Ratings8
Average rating4
I have come late to the Hitchens party, picking up this book (in its Audio version, narrated by the excellent Simon Prebble) largely because of all the press Hitchens received while on his recent deathbed. I wondered how I had managed to completely avoid any of his essays when he obviously seemed to be my kind of intellectual: unapologetically smart and annoying; not always right but always coherent; a committed atheist; completely convinced that he is speaking his own version of truth to power.
I am about halfway through with listening to this essay collection and am considering buying the book, so that I can go through it again more slowly, savouring particularly cunning turns of phrase and spending a bit more time thinking with him and against him. (I haven't gotten to the essay on why women are not funny and, since I have been forewarned, may just skip it–or respond to it somewhere else.)

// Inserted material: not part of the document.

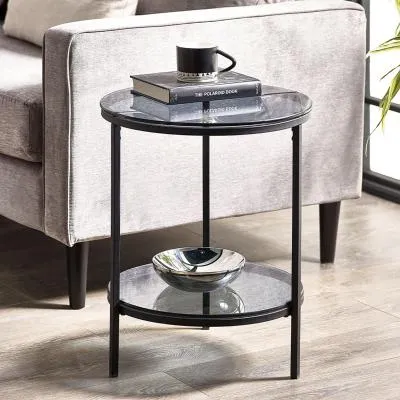 Chicago Round Lamp Table with Shelf - Smoked, Glass image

I agree with another reviewer here on Goodreads that Hitchens is at his best when he is writing about other writers and their books. Perhaps I think this because, as a fellow reader, I can empathize with his engagement–both intellectual and artistic–with a book he is reading. What I can't quite fathom is the depth and breadth of this guy's library! He was disgustingly well read and well-versed in the history and literature of England and America.
I suppose this is a good place to start with Hitchens. It has made me want to read God is not Good and other titles.